19 Une interprétation de l' article 6, paragraphe 7, cinquième tiret, du règlement n 805/68 modifié en ce sens qu' il autorise la Commission à adopter une mesure de limitation du poids des carcasses pouvant être admises à l' intervention est en outre compatible avec les autres dispositions de ce règlement. En effet, le fait que le Conseil a fixé à son article 5 la liste des produits susceptibles de faire l' objet, en principe, de mesures d' intervention n' empêche pas la Commission de choisir sur
cette liste, comme elle l' a fait en l' espèce, les produits qui sont effectivement admissibles à l' intervention. Une telle faculté d' exclure certains produits de la liste des achats à l' intervention est d' ailleurs expressément prévue à l' article 6, paragraphe 7, premier tiret, du règlement n 805/68, modifié.

20 Quant à l' argument tiré de l' article 6a, paragraphe 2, du règlement n 805/68, il y a lieu d' observer que, selon son libellé même ("Par dérogation à l' article 5, paragraphe 2 ..."), cette disposition, contrairement à celle mise en cause dans le présent recours, déroge à la liste susvisée.
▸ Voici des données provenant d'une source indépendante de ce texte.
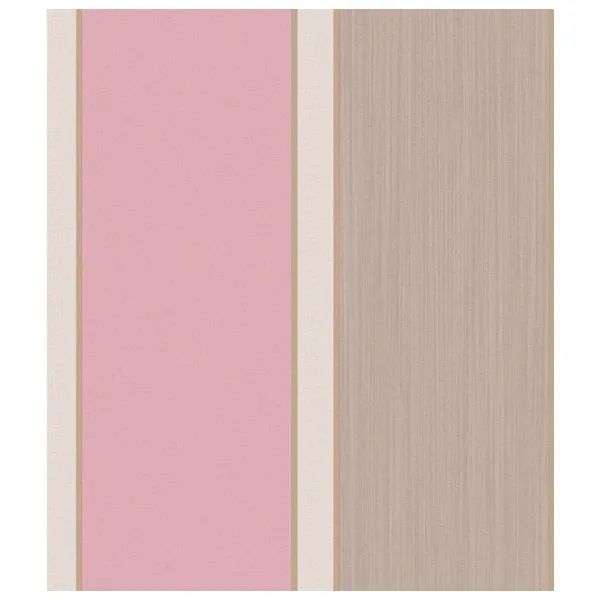 Обои Parato Chic Pink Beige / Полоски photo 1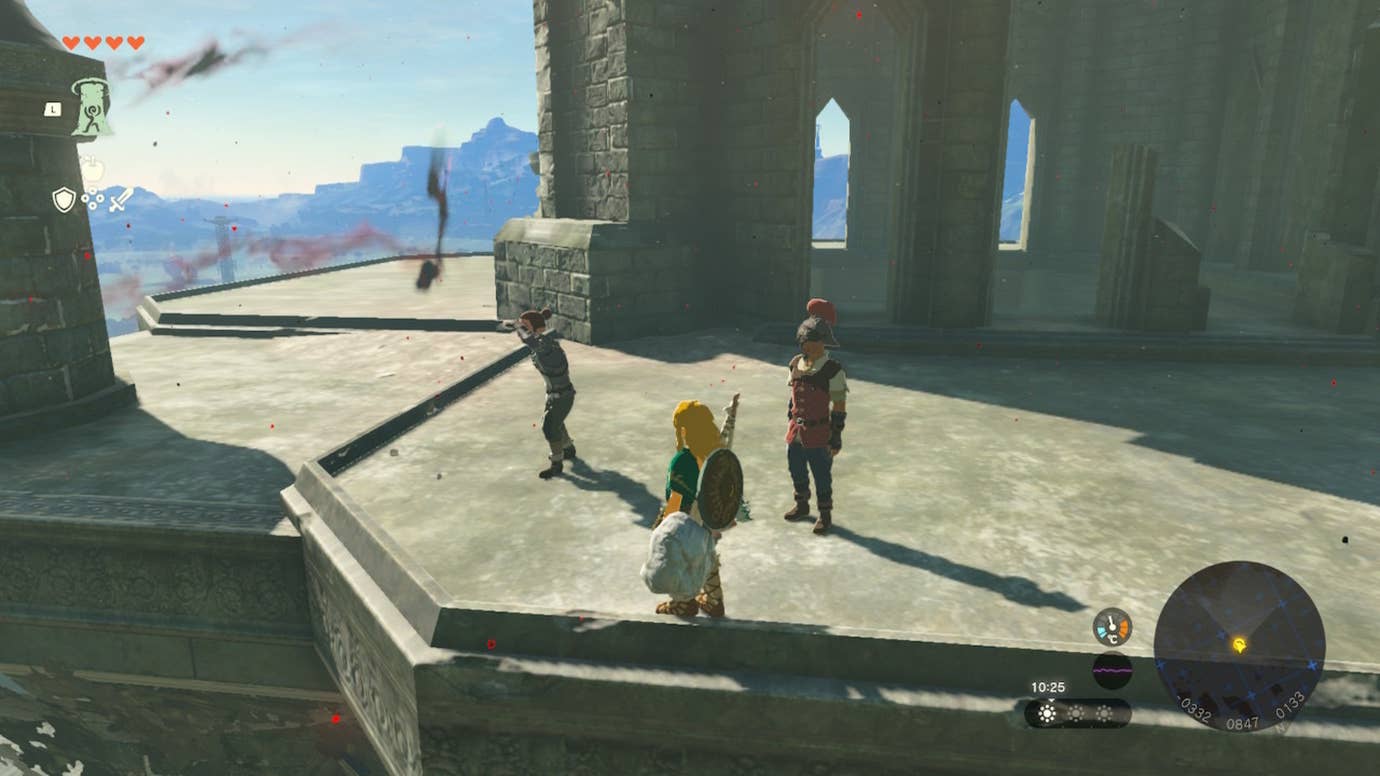 Where to find Captain Hoz in Zelda Tears of the Kingdom VG247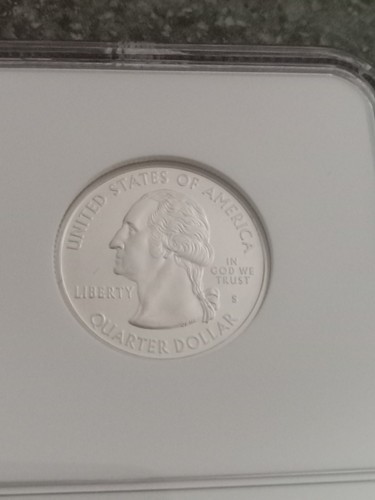 2000-S MARYLAND Silver Proof Quarter PF70 NGC NICE LOW PRICE!! - Picture 6 of 6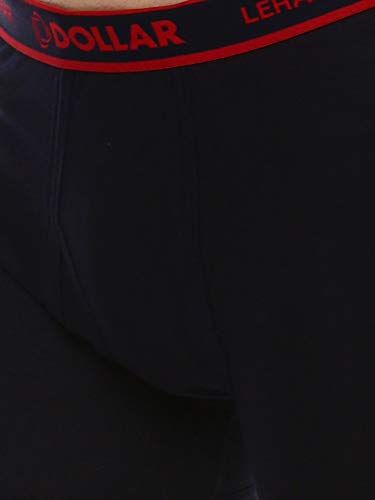 Image of Dollar Lehar Mens Combed Cotton Trunk - Actual Colour May Vary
En effet, l' article 6a concerne des mesures spéciales d' intervention qui ont trait à certaines viandes provenant de bovins mâles de 150 à 200 kg de poids carcasse, alors que, conformément à l' article 5,
paragraphe 2, seuls les "gros bovins" sont admis à l' intervention. L' article 6a ne saurait donc être utilement invoqué pour étayer la thèse selon laquelle seul le Conseil serait compétent pour prendre des mesures excluant de l' intervention des carcasses en fonction de leur poids.

21 Par ailleurs, si la Commission n' était habilitée à adopter au titre de l' article 6, paragraphe 7, cinquième tiret, du règlement n 805/68 modifié que des mesures qui sont déjà autorisées par d' autres dispositions, cette habilitation serait privée de l' essentiel de son effet utile dans la poursuite de l' objectif consistant à éviter une spirale à la baisse des prix du marché. Cette conclusion s' impose d' autant plus que, comme il sera démontré lors de l' examen du moyen tiré de la violation du
principe de proportionnalité, la Commission pouvait, sans commettre une erreur manifeste d' appréciation, estimer qu' aucune mesure moins contraignante n' était à sa disposition afin d' éviter pareille spirale à la baisse des prix du marché.

22 Enfin, il y a lieu de relever que, dans le cadre de la politique agricole commune, le Conseil peut être amené à conférer à la Commission de larges pouvoirs d' exécution, cette dernière étant la seule à même de suivre de manière constante et attentive l' évolution des marchés agricoles et d' agir avec l' urgence que requiert la situation (voir, notamment, arrêt du 30 octobre 1975, Rey Soda, 23/75, Rec. p. 1279, point 11). De larges pouvoirs d' exécution sont d' autant plus justifiés en l' espèce
qu' ils doivent être exercés selon la procédure dite du comité de gestion qui permet au Conseil de réserver sa propre intervention (arrêt Rey Soda, précité, point 13).

23 Dès lors que la Commission pouvait valablement adopter la mesure litigieuse, elle n' a pas non plus méconnu l' article 155 du traité.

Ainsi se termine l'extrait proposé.